Source data:
::::

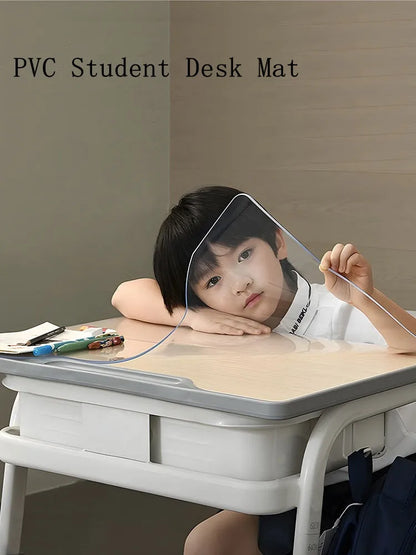 Student desk MATS PVC plastic transparent tablecloth waterproof anti-slip table cover Writing desk table mat custom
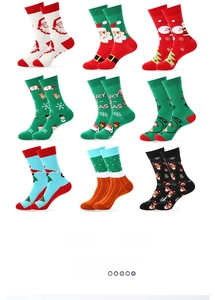 Detail showing 9 pairs of colorful Christmas crew socks with Santa and reindeer patterns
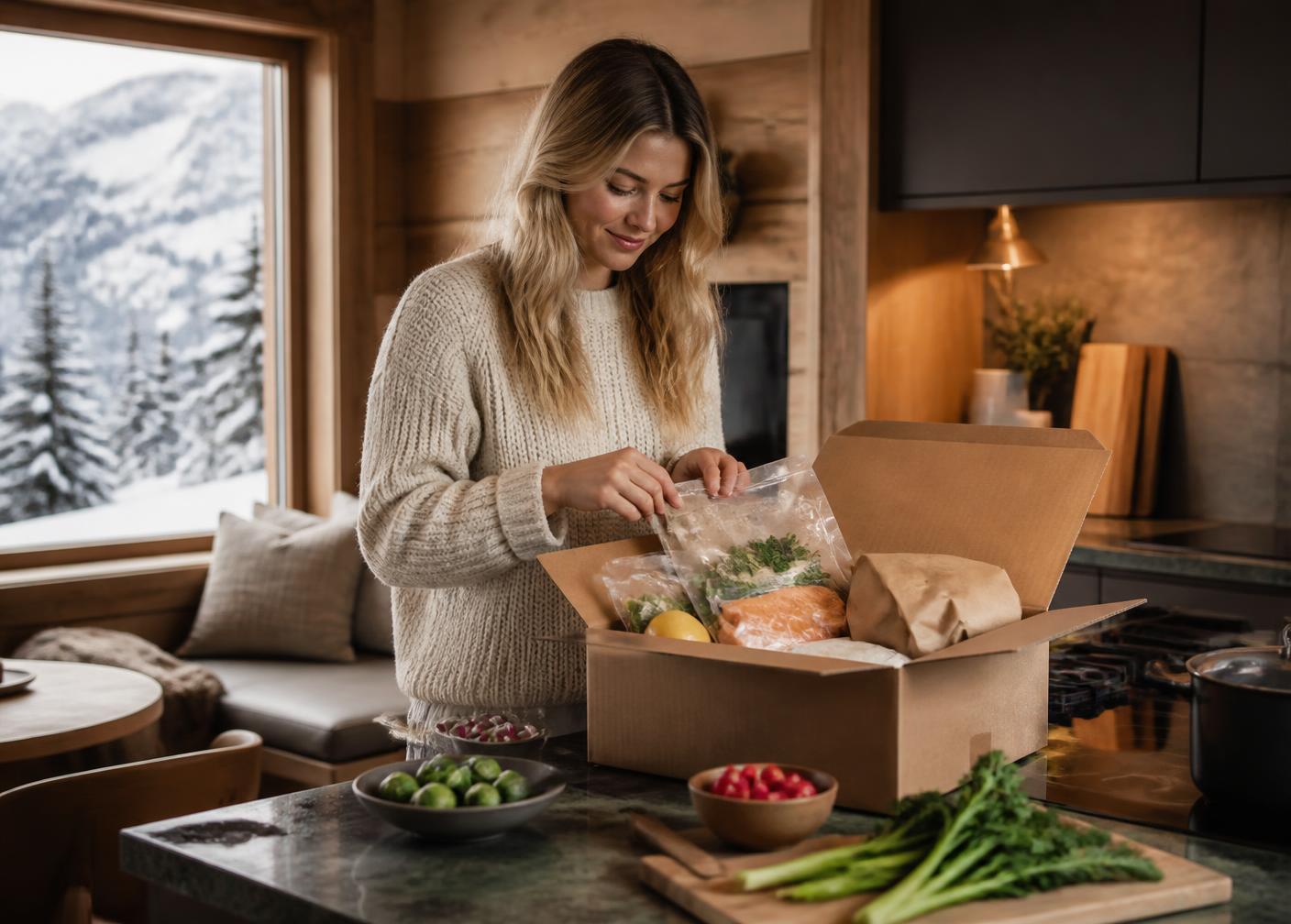 Cliente déballant un panier de produits frais dans un appartement de montagne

::::

Task objective: Before writing out the material above, please remove its pictures; everything else stays exact.

Output below:
 Student desk MATS PVC plastic transparent tablecloth waterproof anti-slip table cover Writing desk table mat custom
 Detail showing 9 pairs of colorful Christmas crew socks with Santa and reindeer patterns
 Cliente déballant un panier de produits frais dans un appartement de montagne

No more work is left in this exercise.